Exercise description: Lines from the one containing "Пластикова гофра для" to the end of the data below are to be restated exactly, with both ends included and nothing else.
------ Excerpted data ------
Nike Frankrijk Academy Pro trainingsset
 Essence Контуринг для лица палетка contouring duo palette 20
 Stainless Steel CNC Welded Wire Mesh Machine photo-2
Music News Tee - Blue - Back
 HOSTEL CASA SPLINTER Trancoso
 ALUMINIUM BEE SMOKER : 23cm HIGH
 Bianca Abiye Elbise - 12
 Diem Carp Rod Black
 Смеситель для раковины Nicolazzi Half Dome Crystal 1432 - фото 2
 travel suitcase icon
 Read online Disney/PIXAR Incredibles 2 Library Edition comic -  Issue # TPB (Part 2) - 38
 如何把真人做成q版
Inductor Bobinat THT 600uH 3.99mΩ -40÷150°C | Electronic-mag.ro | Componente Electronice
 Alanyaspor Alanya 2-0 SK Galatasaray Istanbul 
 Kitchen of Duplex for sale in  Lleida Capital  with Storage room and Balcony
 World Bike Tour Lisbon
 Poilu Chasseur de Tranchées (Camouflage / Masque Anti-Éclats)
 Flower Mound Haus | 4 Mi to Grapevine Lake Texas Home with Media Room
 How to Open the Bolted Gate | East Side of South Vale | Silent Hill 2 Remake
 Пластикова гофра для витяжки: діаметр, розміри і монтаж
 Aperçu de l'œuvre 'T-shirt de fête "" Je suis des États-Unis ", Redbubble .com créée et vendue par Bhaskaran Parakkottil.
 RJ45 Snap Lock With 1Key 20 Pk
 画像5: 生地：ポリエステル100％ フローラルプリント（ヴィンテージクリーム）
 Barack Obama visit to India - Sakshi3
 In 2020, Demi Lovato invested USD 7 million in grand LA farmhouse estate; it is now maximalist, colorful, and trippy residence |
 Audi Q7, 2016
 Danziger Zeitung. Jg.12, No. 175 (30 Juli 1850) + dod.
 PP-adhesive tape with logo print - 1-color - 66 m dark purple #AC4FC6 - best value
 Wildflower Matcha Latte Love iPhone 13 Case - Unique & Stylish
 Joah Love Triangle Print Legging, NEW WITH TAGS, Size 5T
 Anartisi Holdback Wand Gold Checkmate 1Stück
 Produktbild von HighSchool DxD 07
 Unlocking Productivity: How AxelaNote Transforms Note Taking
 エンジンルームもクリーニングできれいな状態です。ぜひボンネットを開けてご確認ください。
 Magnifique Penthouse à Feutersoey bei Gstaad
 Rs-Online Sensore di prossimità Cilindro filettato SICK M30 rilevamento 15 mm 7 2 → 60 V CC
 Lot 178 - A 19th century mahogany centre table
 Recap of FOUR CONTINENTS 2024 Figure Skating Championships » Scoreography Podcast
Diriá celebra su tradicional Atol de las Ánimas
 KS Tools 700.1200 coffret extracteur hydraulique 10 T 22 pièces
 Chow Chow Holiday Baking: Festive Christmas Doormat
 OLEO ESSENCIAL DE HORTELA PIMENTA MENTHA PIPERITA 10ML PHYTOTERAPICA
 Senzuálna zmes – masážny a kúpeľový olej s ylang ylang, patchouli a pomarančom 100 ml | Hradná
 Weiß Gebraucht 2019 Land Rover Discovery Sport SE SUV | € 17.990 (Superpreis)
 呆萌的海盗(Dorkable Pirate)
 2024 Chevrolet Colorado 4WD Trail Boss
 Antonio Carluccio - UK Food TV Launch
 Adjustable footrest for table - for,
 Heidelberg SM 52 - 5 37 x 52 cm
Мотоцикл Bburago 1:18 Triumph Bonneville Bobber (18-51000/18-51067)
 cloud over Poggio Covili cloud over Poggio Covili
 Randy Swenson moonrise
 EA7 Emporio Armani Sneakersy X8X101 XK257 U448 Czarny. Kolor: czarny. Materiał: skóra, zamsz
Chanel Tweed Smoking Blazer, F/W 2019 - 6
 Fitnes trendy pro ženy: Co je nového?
------
Response area:
 Пластикова гофра для витяжки: діаметр, розміри і монтаж
 Aperçu de l'œuvre 'T-shirt de fête "" Je suis des États-Unis ", Redbubble .com créée et vendue par Bhaskaran Parakkottil.
 RJ45 Snap Lock With 1Key 20 Pk
 画像5: 生地：ポリエステル100％ フローラルプリント（ヴィンテージクリーム）
 Barack Obama visit to India - Sakshi3
 In 2020, Demi Lovato invested USD 7 million in grand LA farmhouse estate; it is now maximalist, colorful, and trippy residence |
 Audi Q7, 2016
 Danziger Zeitung. Jg.12, No. 175 (30 Juli 1850) + dod.
 PP-adhesive tape with logo print - 1-color - 66 m dark purple #AC4FC6 - best value
 Wildflower Matcha Latte Love iPhone 13 Case - Unique & Stylish
 Joah Love Triangle Print Legging, NEW WITH TAGS, Size 5T
 Anartisi Holdback Wand Gold Checkmate 1Stück
 Produktbild von HighSchool DxD 07
 Unlocking Productivity: How AxelaNote Transforms Note Taking
 エンジンルームもクリーニングできれいな状態です。ぜひボンネットを開けてご確認ください。
 Magnifique Penthouse à Feutersoey bei Gstaad
 Rs-Online Sensore di prossimità Cilindro filettato SICK M30 rilevamento 15 mm 7 2 → 60 V CC
 Lot 178 - A 19th century mahogany centre table
 Recap of FOUR CONTINENTS 2024 Figure Skating Championships » Scoreography Podcast
Diriá celebra su tradicional Atol de las Ánimas
 KS Tools 700.1200 coffret extracteur hydraulique 10 T 22 pièces
 Chow Chow Holiday Baking: Festive Christmas Doormat
 OLEO ESSENCIAL DE HORTELA PIMENTA MENTHA PIPERITA 10ML PHYTOTERAPICA
 Senzuálna zmes – masážny a kúpeľový olej s ylang ylang, patchouli a pomarančom 100 ml | Hradná
 Weiß Gebraucht 2019 Land Rover Discovery Sport SE SUV | € 17.990 (Superpreis)
 呆萌的海盗(Dorkable Pirate)
 2024 Chevrolet Colorado 4WD Trail Boss
 Antonio Carluccio - UK Food TV Launch
 Adjustable footrest for table - for,
 Heidelberg SM 52 - 5 37 x 52 cm
Мотоцикл Bburago 1:18 Triumph Bonneville Bobber (18-51000/18-51067)
 cloud over Poggio Covili cloud over Poggio Covili
 Randy Swenson moonrise
 EA7 Emporio Armani Sneakersy X8X101 XK257 U448 Czarny. Kolor: czarny. Materiał: skóra, zamsz
Chanel Tweed Smoking Blazer, F/W 2019 - 6
 Fitnes trendy pro ženy: Co je nového?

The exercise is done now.